* [Task to complete] Exactly the lines below, starting with the one containing "Ford Kuga, 2015 10" and going on through the one containing "Red 2019 Chrysler", must be reproduced, both ends included, and no pictures with them.

* [Records supplied]
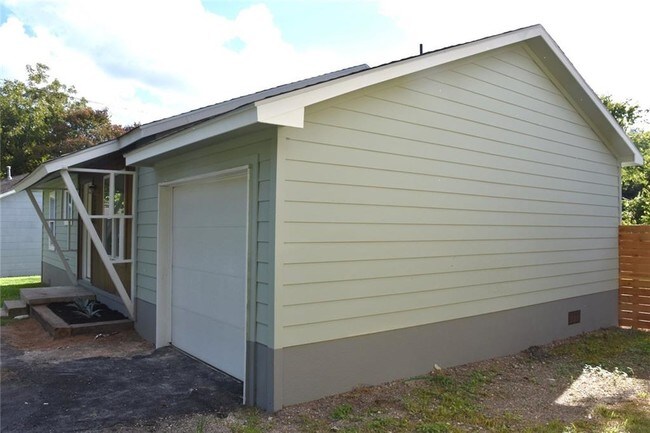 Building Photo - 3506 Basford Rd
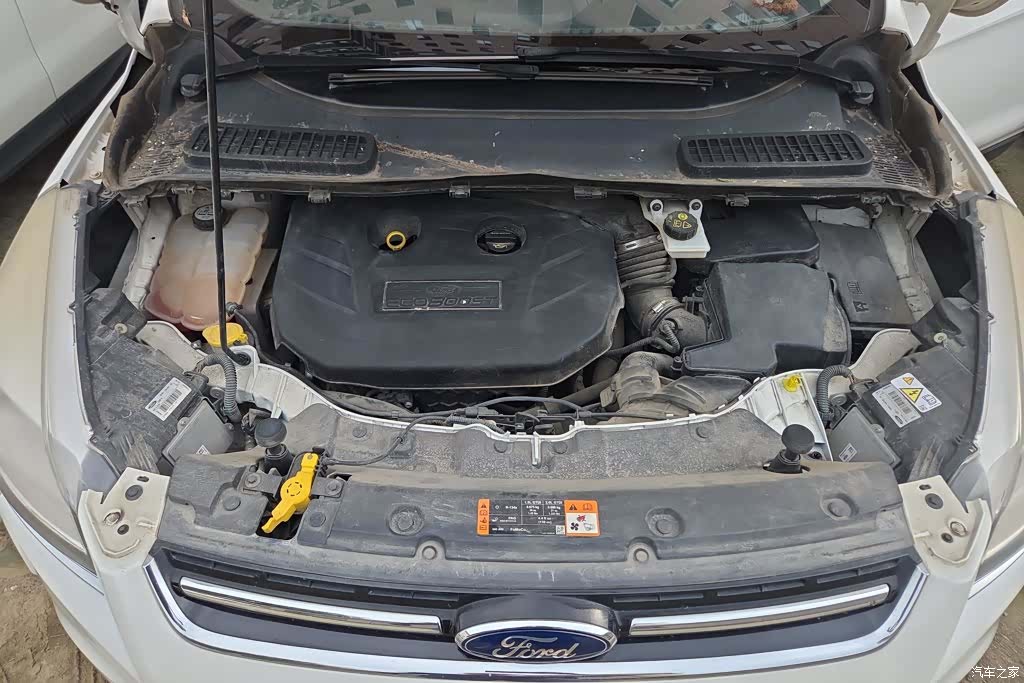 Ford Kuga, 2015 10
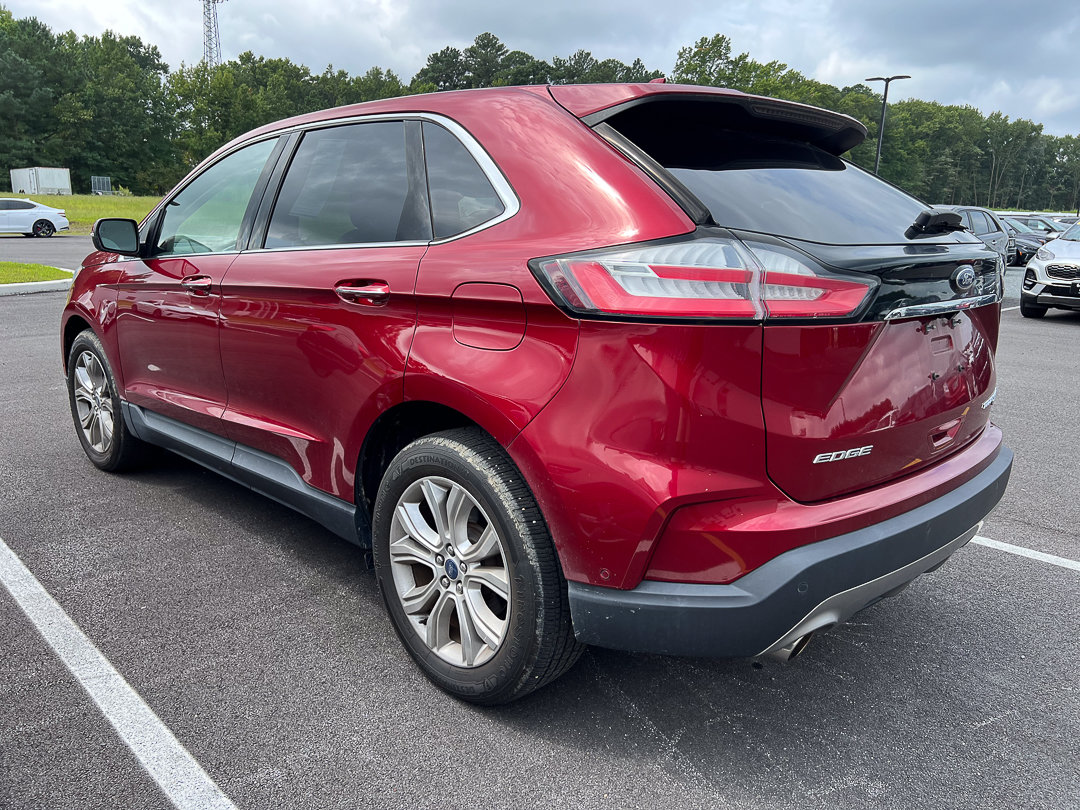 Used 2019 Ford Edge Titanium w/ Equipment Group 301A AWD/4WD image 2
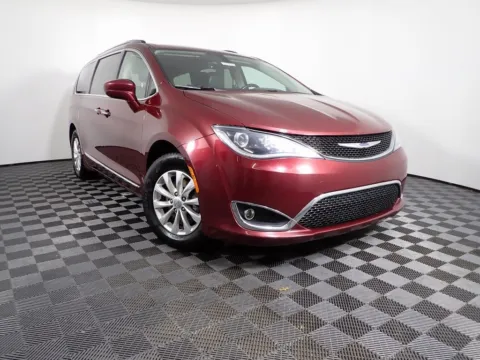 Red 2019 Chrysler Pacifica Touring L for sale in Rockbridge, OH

---

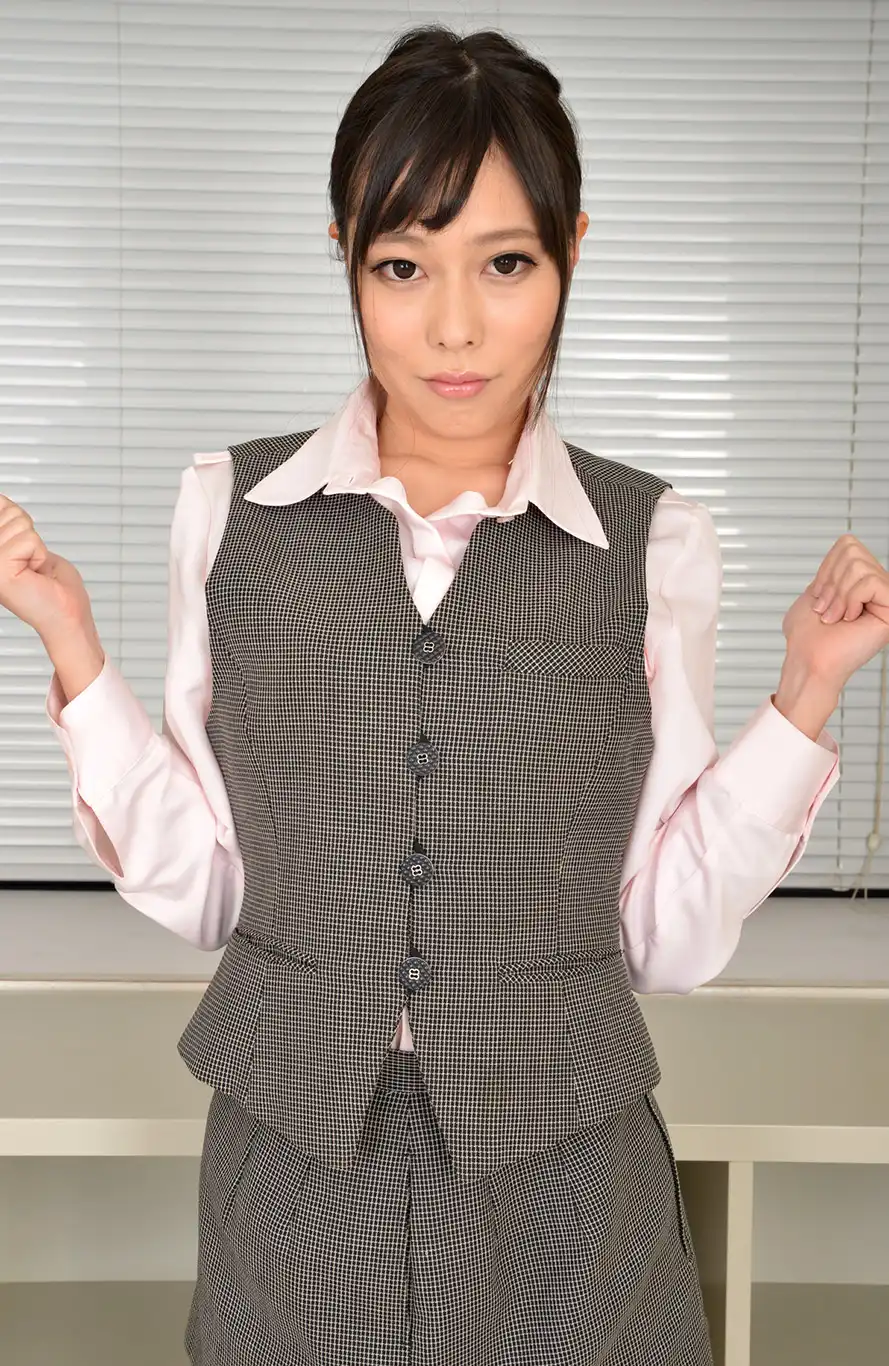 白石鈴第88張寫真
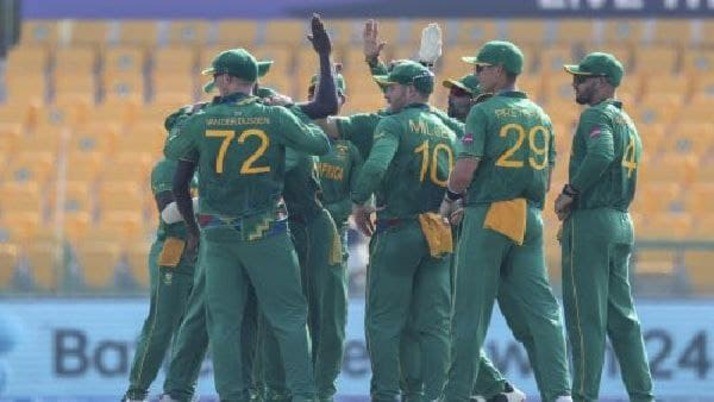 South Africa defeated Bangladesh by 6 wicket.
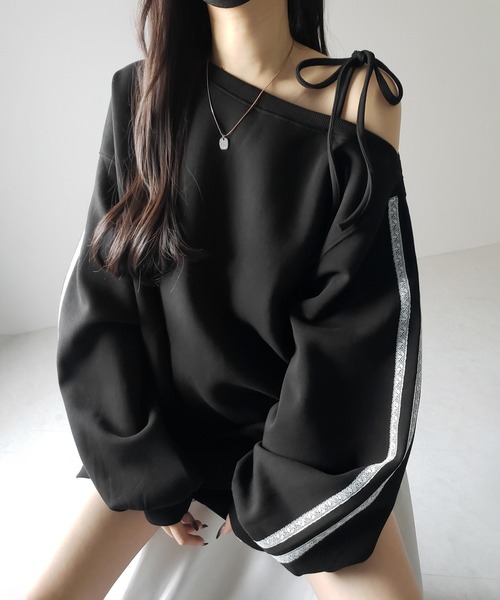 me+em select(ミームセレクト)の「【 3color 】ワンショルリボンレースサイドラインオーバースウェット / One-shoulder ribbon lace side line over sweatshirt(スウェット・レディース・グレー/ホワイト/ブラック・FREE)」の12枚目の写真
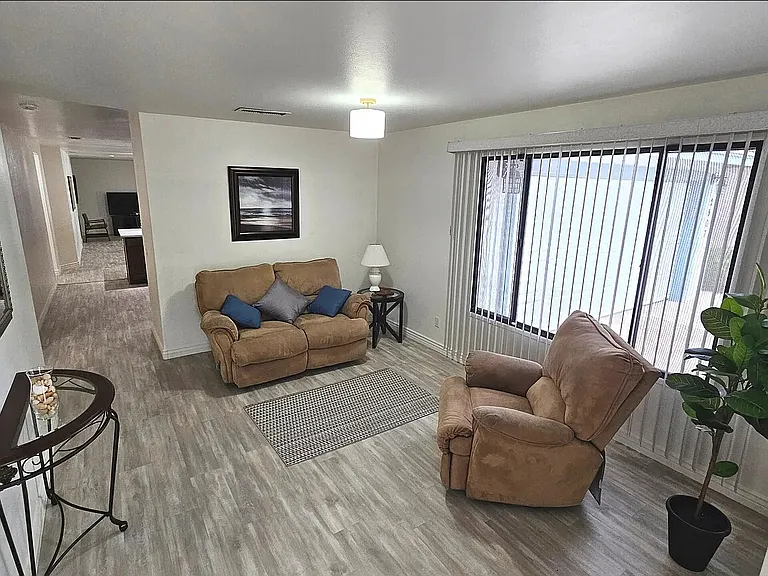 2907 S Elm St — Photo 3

* [Response area]
 Ford Kuga, 2015 10
 Used 2019 Ford Edge Titanium w/ Equipment Group 301A AWD/4WD image 2
 Red 2019 Chrysler Pacifica Touring L for sale in Rockbridge, OH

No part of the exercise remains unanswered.